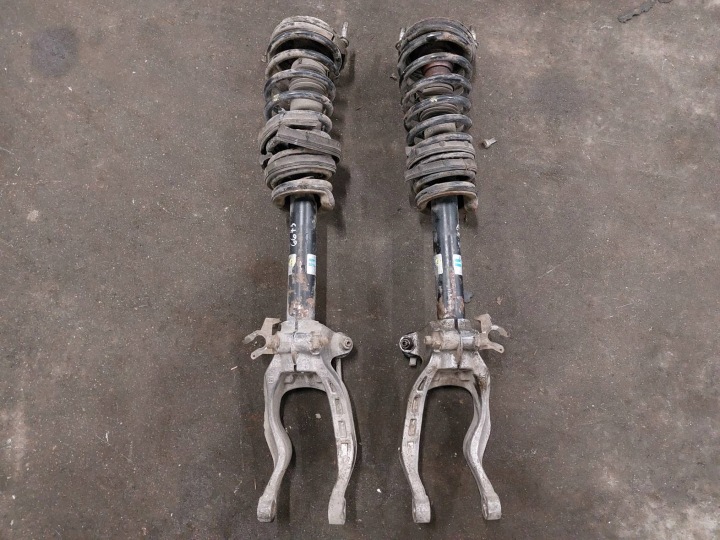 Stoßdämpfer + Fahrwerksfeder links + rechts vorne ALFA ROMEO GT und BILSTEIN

■ ■ ■ ■

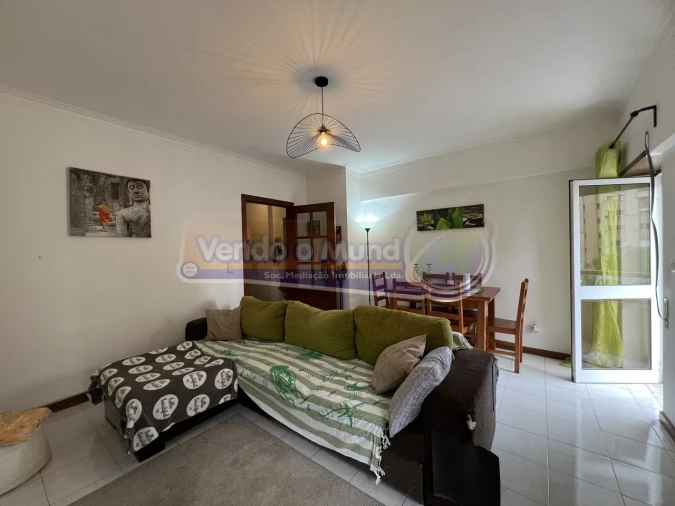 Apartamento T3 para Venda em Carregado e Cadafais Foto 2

■ ■ ■ ■

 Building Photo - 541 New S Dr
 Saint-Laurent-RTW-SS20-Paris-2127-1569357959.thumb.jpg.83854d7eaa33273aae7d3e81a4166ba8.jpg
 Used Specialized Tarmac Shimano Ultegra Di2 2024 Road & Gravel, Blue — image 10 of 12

■ ■ ■ ■

[WHAT TO WORK ON] One stretch of the lines above is wanted, from the line that contains "Building Photo - 541 New S Dr" through the line that contains "Used Specialized Tarmac". Output it exactly.

[RESULT FOR THIS TASK]
 Building Photo - 541 New S Dr
 Saint-Laurent-RTW-SS20-Paris-2127-1569357959.thumb.jpg.83854d7eaa33273aae7d3e81a4166ba8.jpg
 Used Specialized Tarmac Shimano Ultegra Di2 2024 Road & Gravel, Blue — image 10 of 12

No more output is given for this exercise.